→ **RAW DATA**
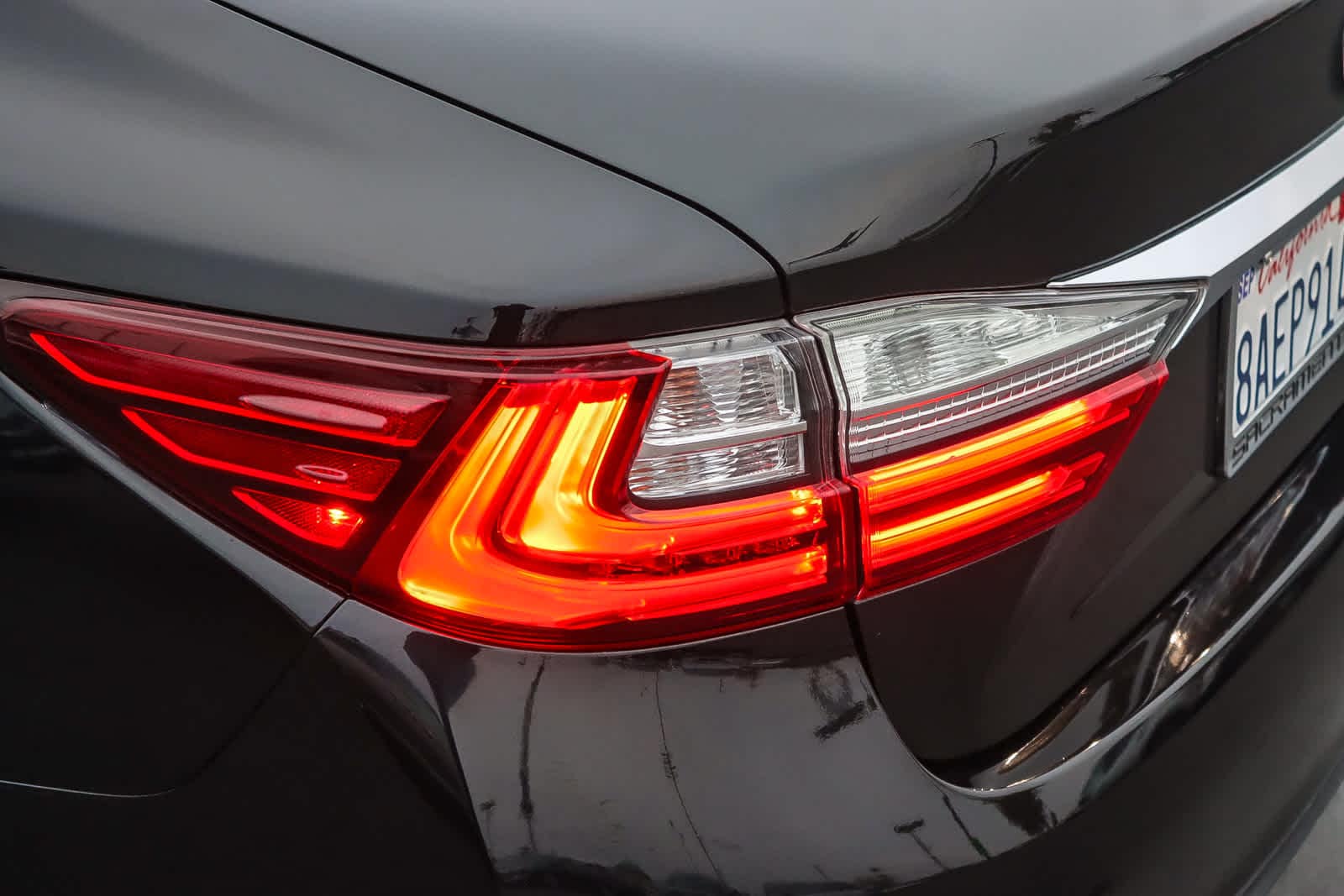 Thumbnail: 2017 Lexus ES - 8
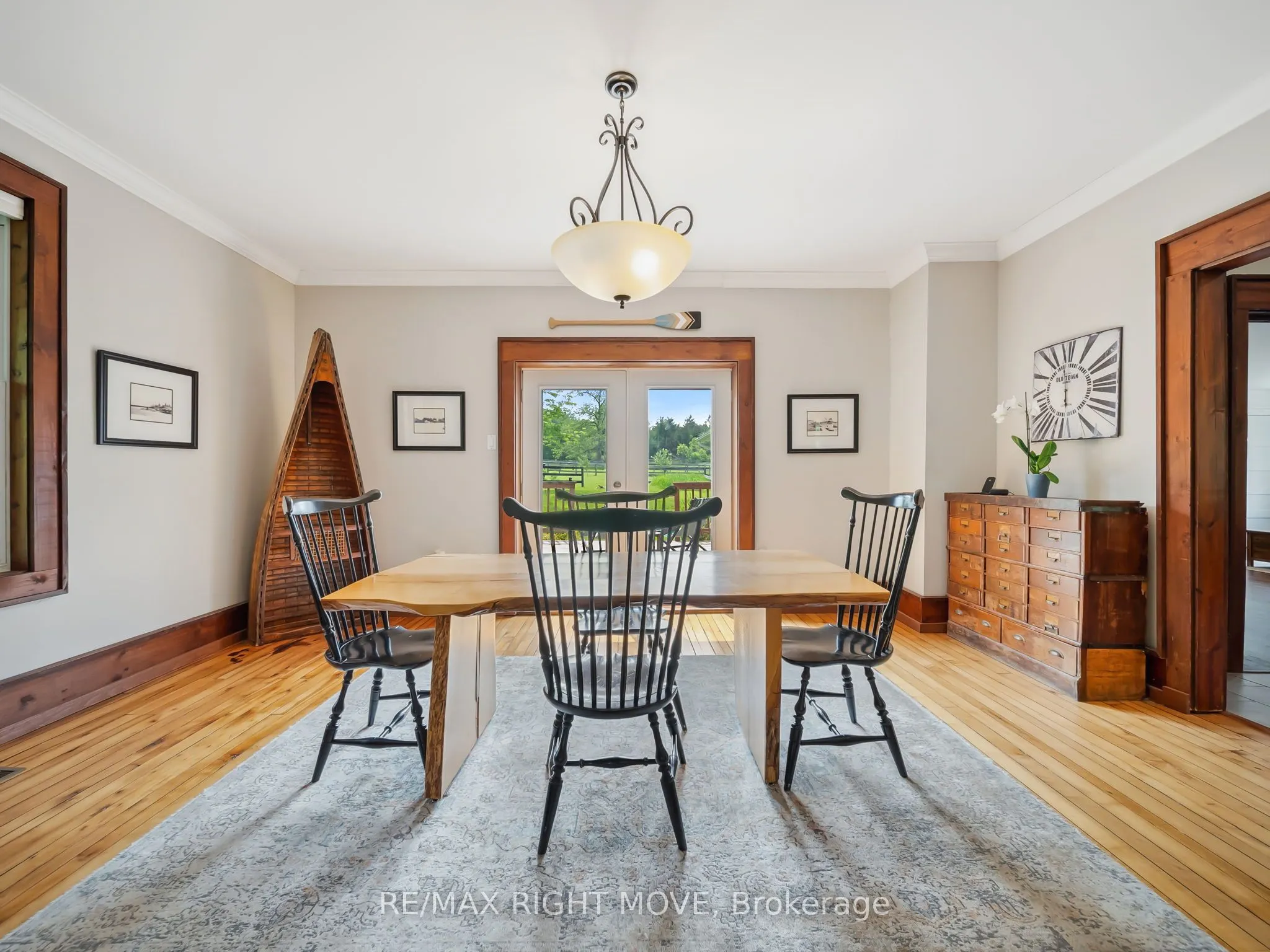 3062 Townline Rr5 Townline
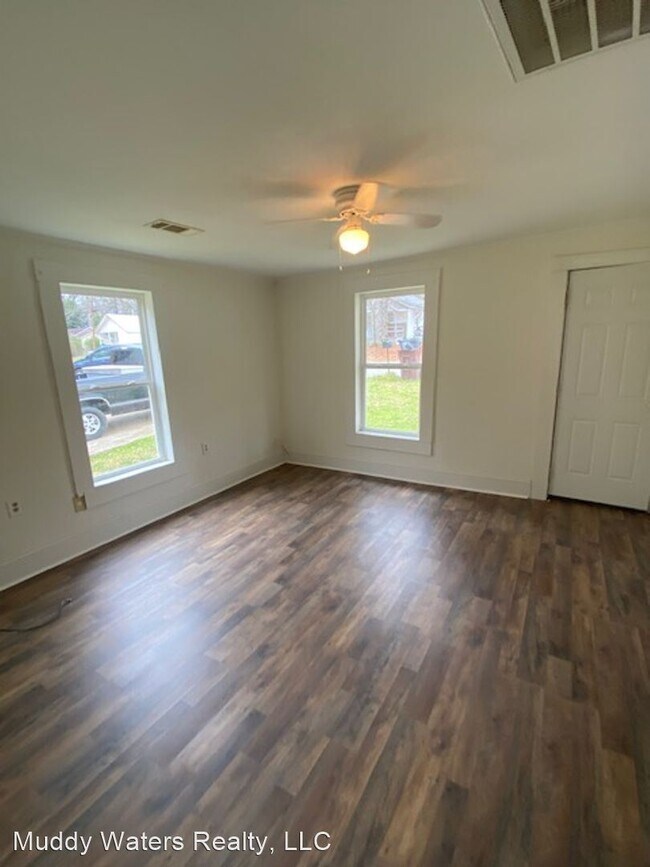 Building Photo - 2 br, 1 bath House - 312 S Canal St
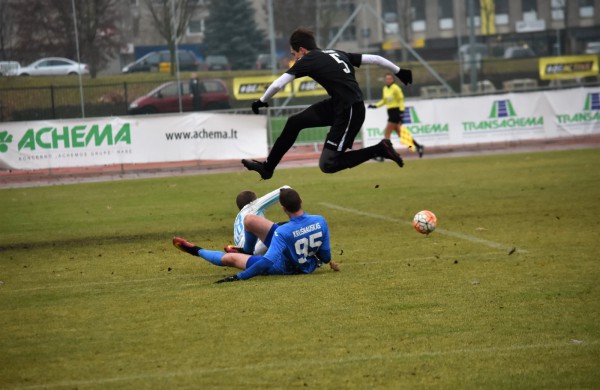 Paskutinėse sezono rungtynėse „Lietava“ trinktelėjo durimis – įveikti bronzos medalių laimėtojai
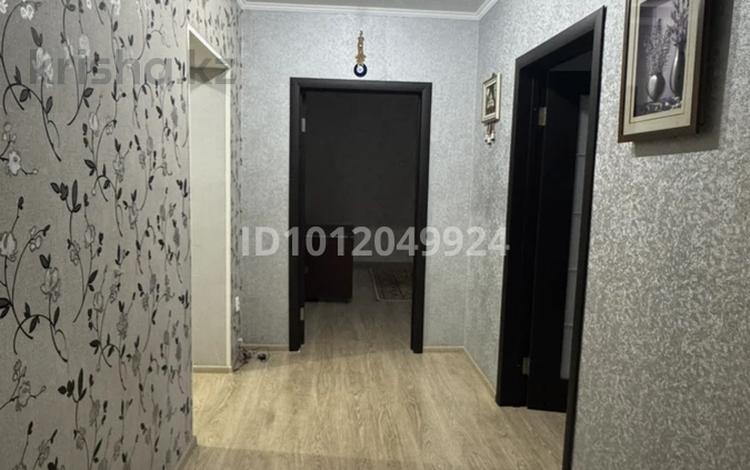 3-комнатная квартира · 82 м² · 1/5 этаж, Мкр. Астана 15 за 38 млн 〒 в Уральске — фото 2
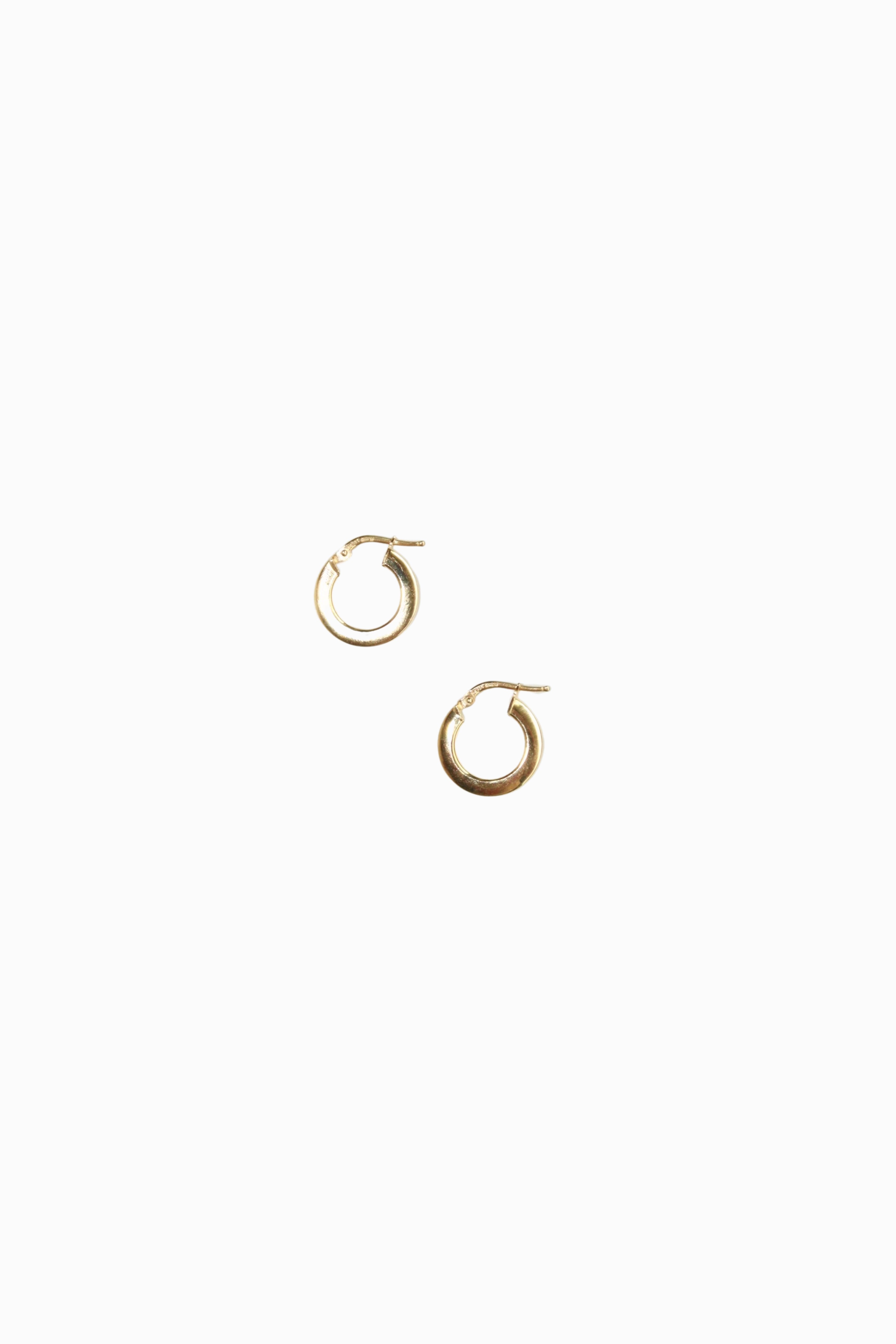 GOLD FILLED EARRING FLAT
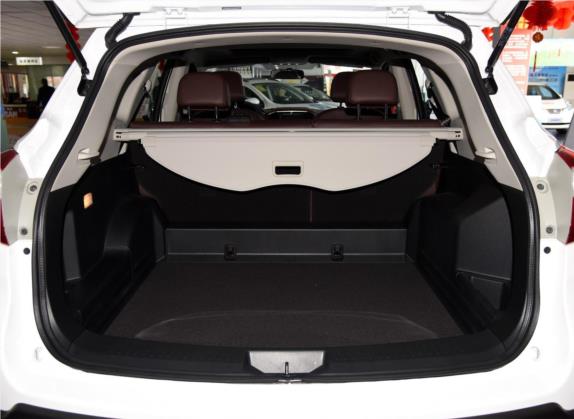 启辰T70X 2016款 2.0L CVT睿趣运动版 车厢座椅   后备厢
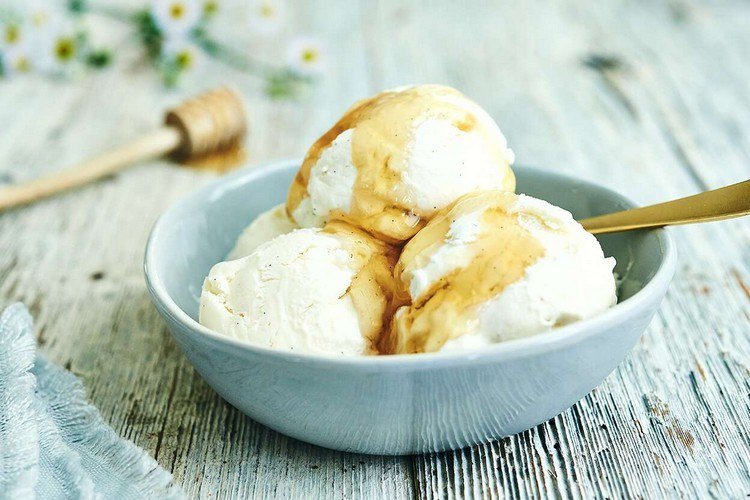 Gör vaniljglass med lågt kaloriinnehåll fryst yoghurt själv utan ismaskin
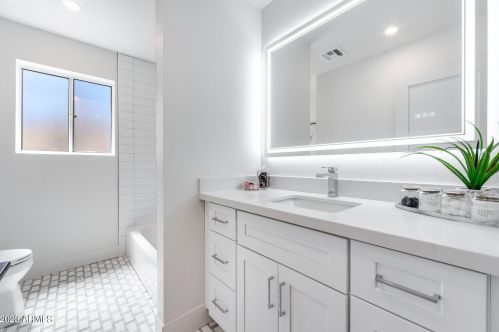 11617 37th Pl, Phoenix AZ  85028-2130 exterior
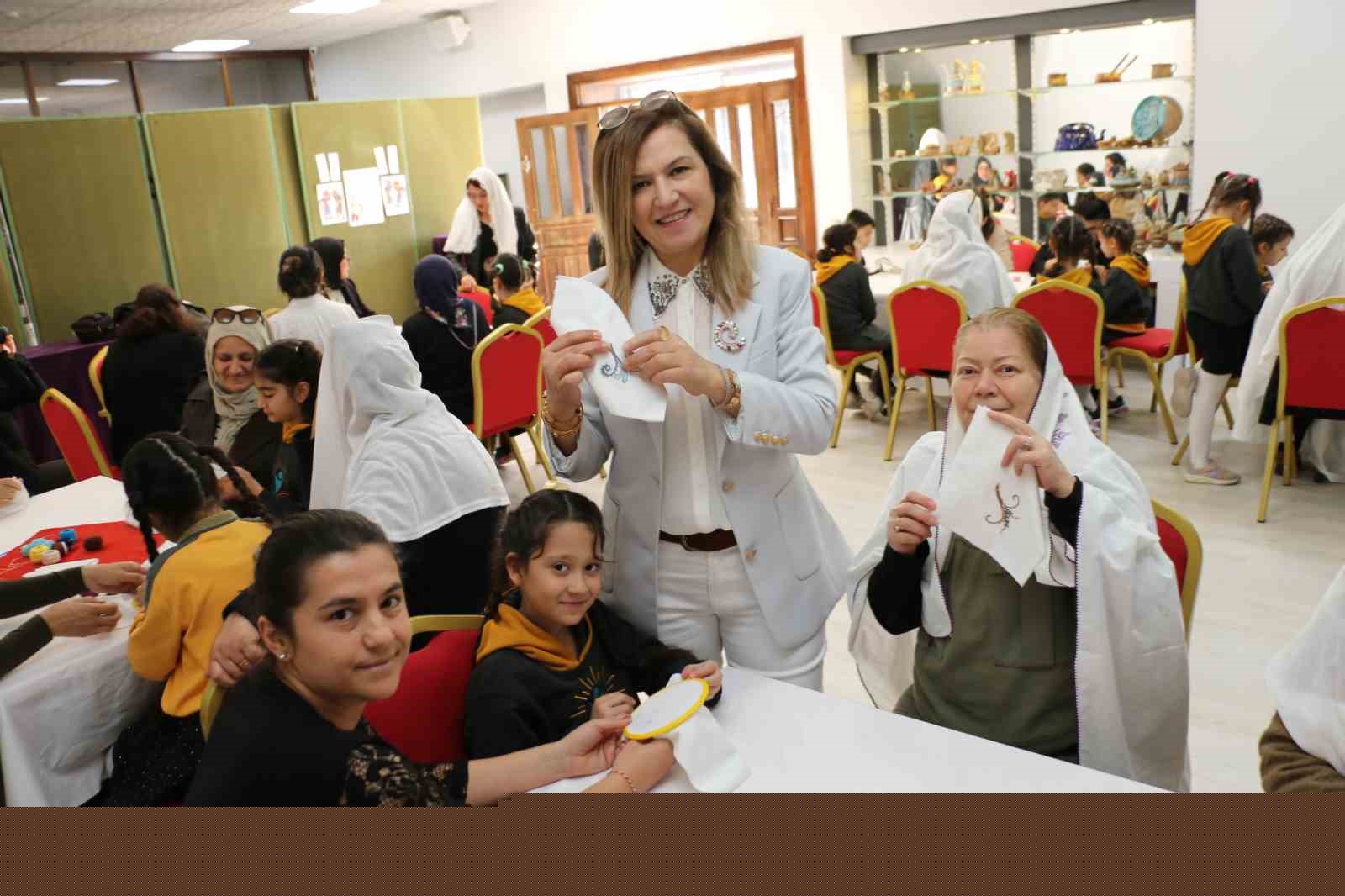 Nineler ve torunları mendil geleneğinde buluştu: Ellerini öptükleri ninelerinin sardığı mendillerden hediyelerini aldılar

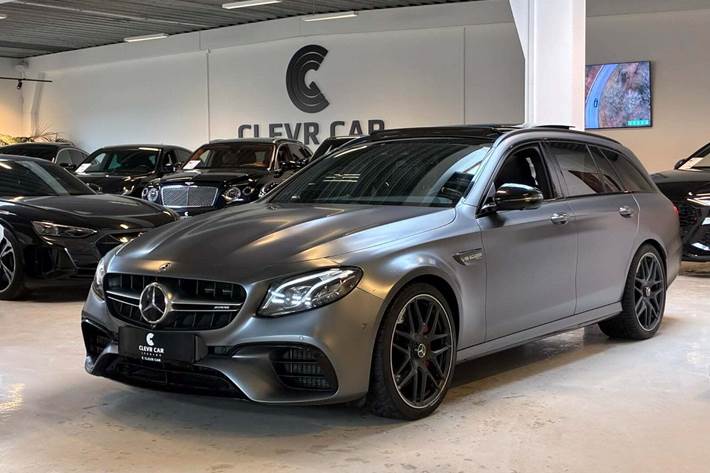 Grå Mercedes E63 fra 2018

→ **TASK ITEM**
All lines from the beginning of the material above through the line holding "启辰T70X 2016款 2.0L" are to be given again exactly, and no others; pictures do not go in.

→ **RESPONSE AREA**
 Thumbnail: 2017 Lexus ES - 8
 3062 Townline Rr5 Townline
 Building Photo - 2 br, 1 bath House - 312 S Canal St
 Paskutinėse sezono rungtynėse „Lietava“ trinktelėjo durimis – įveikti bronzos medalių laimėtojai
 3-комнатная квартира · 82 м² · 1/5 этаж, Мкр. Астана 15 за 38 млн 〒 в Уральске — фото 2
 GOLD FILLED EARRING FLAT
 启辰T70X 2016款 2.0L CVT睿趣运动版 车厢座椅   后备厢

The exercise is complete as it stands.